THE TASK — Starting at the line that contains "3309 Dumont Lake Dr, Allegan, MI 49010" and stopping at the line that contains "Sistem check-in dan", restate each line of the records below exactly. Omit the pictures.

SUPPLIED INFORMATION —
════

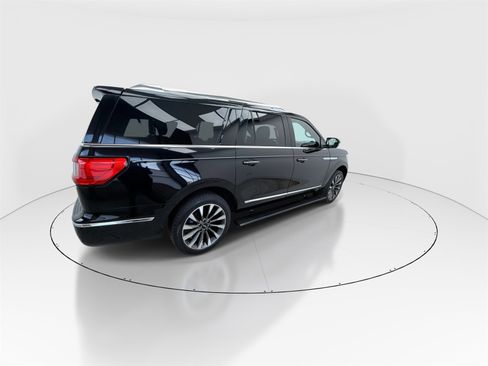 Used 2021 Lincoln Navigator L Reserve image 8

════

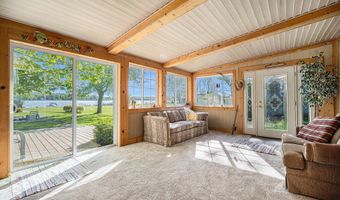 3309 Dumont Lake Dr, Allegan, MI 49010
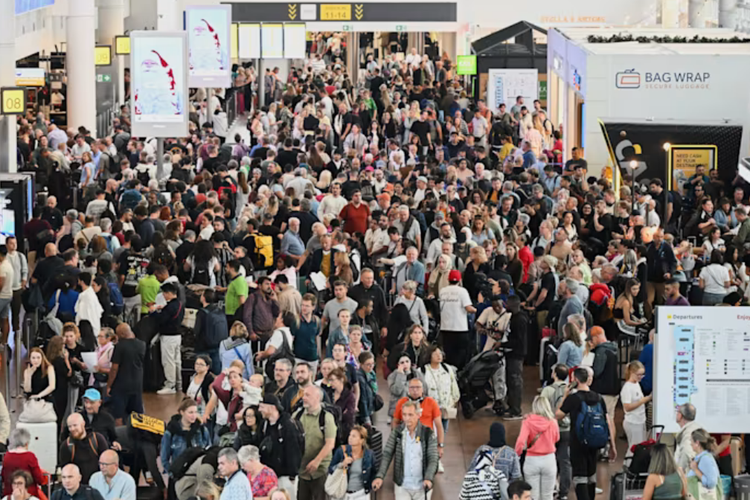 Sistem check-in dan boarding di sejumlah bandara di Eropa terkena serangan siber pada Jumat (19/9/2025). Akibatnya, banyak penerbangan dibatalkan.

════

REPLY —
 3309 Dumont Lake Dr, Allegan, MI 49010
 Sistem check-in dan boarding di sejumlah bandara di Eropa terkena serangan siber pada Jumat (19/9/2025). Akibatnya, banyak penerbangan dibatalkan.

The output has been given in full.